REQUIRED ACTION ->
For the records below, copy exactly the span that begins at the line containing "Kensie Jeans High-Rise" and stops after the line containing "TOM SHEEAN. ARR.", minus any pictures.

DATA SHOWN ->
━━━━

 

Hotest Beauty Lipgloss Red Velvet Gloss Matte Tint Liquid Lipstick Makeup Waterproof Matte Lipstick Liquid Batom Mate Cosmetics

━━━━

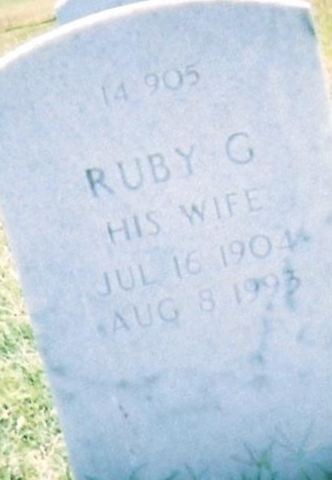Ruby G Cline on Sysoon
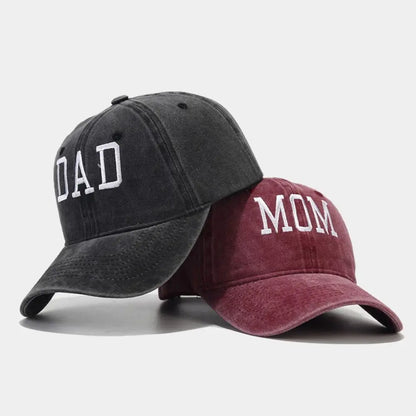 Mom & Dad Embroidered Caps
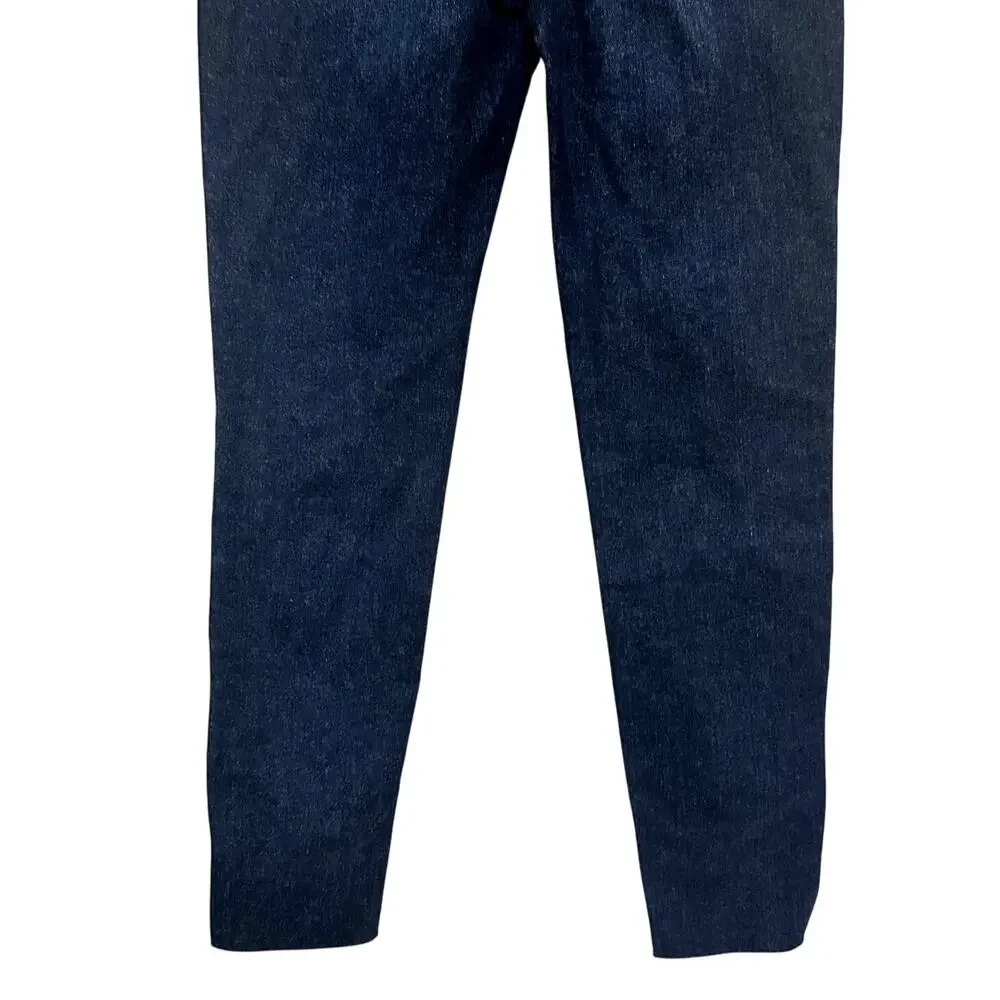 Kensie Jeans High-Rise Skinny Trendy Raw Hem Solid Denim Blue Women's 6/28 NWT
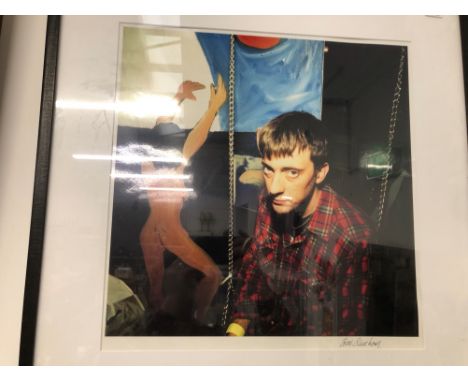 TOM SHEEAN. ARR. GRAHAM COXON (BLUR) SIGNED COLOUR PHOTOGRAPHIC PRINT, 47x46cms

━━━━

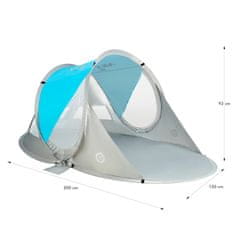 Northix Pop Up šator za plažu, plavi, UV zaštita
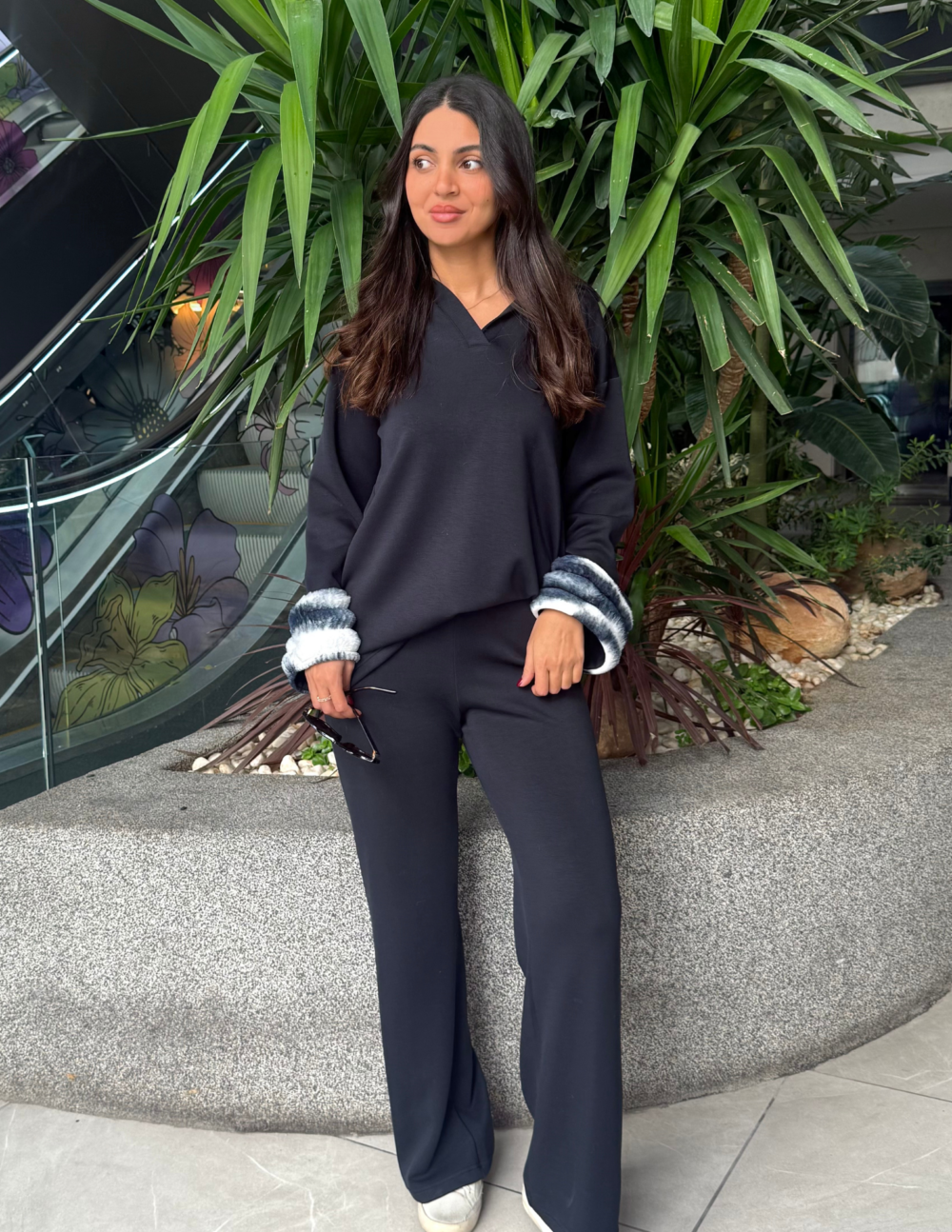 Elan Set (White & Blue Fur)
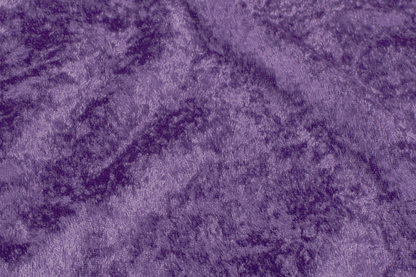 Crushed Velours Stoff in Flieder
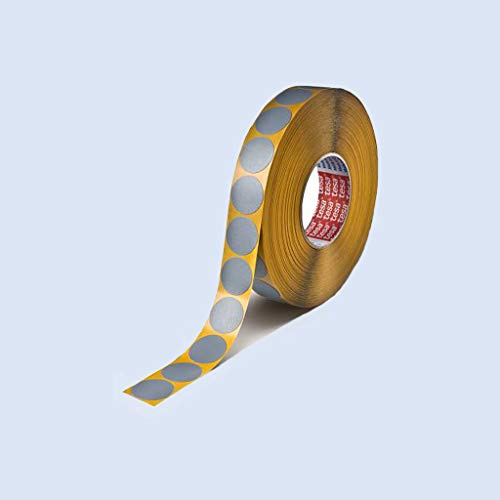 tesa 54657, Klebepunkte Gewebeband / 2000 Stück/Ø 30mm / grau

━━━━

FINISHED EXERCISE ->
 Kensie Jeans High-Rise Skinny Trendy Raw Hem Solid Denim Blue Women's 6/28 NWT
 TOM SHEEAN. ARR. GRAHAM COXON (BLUR) SIGNED COLOUR PHOTOGRAPHIC PRINT, 47x46cms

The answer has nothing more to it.